By Fran Wang
January 9, 2022 Updated: January 9, 2022
Chinese shoppers leave a Walmart store in Beijing on Jan. 3, 2012. Chinese President Hu Jintao has warned that "hostile" powers are seeking to "Westernize" the country and called for greater efforts to enhance China's cultural influence overseas. (Mark Ralston/AFP via Getty Images)
Walmart has
recently struggled in China. After being accused of allegedly halting the sale
of products from Xinjiang, the retail giant received a warning issued by
Chinese police for alleged breaches of China’s cybersecurity regulations,
as the regime tightens its grip on how companies inside its borders process
data.
According
to a report dated Jan. 5 by state-owned
outlet China Quality News Network, police in the southern Chinese city of
Shenzhen discovered 19 “vulnerabilities” in Walmart’s
network infrastructure in late November, and police have now accused the
company of being slow to address the loopholes in violation of China’s
cybersecurity laws.
Walmart
was ordered to make rectifications, the report said, without mentioning any
fines or details of the vulnerabilities.
The
news outlet is backed by China’s market regulator, the State Administration for
Market Supervision.
The
retail giant and the Shenzhen police did not respond to Reuters’ requests for
comment by Jan. 7.
At the
end of December, China’s anti-graft office accused Walmart and its Sam’s Club
retail chain of “stupidity and short-sightedness” after social media users
claimed that Sam’s Club had withdrawn Xinjiang-sourced products from its
stores.
There
is no sign that the Shenzhen police warning is related to the Sam’s Club
incident.
The
Shenzhen police warning comes amid China’s stepped-up cybersecurity crackdown
on how data is collected, stored, and utilized by companies operating in China.
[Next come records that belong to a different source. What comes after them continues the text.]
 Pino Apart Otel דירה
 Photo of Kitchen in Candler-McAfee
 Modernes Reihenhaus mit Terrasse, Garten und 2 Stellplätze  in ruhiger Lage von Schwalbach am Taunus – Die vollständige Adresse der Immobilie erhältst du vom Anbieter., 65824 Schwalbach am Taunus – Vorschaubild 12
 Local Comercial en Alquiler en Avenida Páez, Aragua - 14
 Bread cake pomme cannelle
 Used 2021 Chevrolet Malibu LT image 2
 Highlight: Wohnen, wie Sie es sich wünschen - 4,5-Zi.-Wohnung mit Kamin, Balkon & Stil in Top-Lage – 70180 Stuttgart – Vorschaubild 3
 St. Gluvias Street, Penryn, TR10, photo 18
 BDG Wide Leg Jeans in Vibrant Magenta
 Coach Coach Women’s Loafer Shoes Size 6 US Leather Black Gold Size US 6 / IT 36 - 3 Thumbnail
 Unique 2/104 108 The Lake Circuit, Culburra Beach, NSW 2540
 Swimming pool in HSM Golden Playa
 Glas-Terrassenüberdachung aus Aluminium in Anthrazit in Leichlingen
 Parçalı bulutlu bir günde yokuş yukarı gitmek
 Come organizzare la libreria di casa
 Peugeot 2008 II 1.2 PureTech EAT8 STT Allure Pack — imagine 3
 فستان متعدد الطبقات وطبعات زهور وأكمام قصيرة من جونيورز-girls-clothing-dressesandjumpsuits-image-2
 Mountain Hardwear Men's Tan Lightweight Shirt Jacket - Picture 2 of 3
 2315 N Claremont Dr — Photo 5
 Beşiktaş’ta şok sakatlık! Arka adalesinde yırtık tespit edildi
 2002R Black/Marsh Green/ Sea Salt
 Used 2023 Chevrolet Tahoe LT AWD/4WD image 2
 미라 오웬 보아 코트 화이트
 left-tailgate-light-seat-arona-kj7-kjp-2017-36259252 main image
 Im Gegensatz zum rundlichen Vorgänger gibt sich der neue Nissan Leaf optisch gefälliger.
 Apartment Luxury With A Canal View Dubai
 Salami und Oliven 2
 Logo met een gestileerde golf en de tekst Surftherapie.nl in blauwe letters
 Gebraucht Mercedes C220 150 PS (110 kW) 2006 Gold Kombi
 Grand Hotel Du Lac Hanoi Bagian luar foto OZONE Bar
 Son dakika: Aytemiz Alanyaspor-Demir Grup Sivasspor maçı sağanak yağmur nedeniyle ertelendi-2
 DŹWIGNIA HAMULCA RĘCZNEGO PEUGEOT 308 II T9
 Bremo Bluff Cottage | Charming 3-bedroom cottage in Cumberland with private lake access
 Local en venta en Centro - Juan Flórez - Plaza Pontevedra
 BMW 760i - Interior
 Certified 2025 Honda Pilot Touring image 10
Companies must report vulnerabilities in their software to
China’s Ministry of Industry and Information Technology (MIIT) within two
days of their discovery under a regulation passed last year.
The
telecommunications regulator disciplined Alibaba Cloud Computing for failing to
first report major flaws in its widely-used logging software.
Alibaba
Cloud found a security vulnerability in the popular, open-source logging
framework Apache Log4j2, and reported it to the Apache Software Foundation,
according to a statement from MIIT in December.
In
response, the regulator suspended for six months a cooperative partnership
with Alibaba Cloud in the areas of cybersecurity threats and
information-sharing platforms, reported a state-backed media 21st Century Business Herald, citing a notice from
the regulator.
The
report added that Alibaba’s cloud unit would be re-evaluated, and the
partnership would be restarted based on the outcome of internal reforms.
The reasons
for the suspension included failing to immediately report to the telecoms
authority and failing to effectively support the regime in managing network
security threats and vulnerabilities.
The
laws highlight the central government’s desire to strengthen control over
critical online infrastructure and data in the name of national security.
“This
vulnerability may allow remote control of equipment, which could result in
serious consequences such as the theft of sensitive information, and the disruption
of equipment services. It’s a high-threat vulnerability,” MIIT said in a
statement on the Apache Log4j2 issue.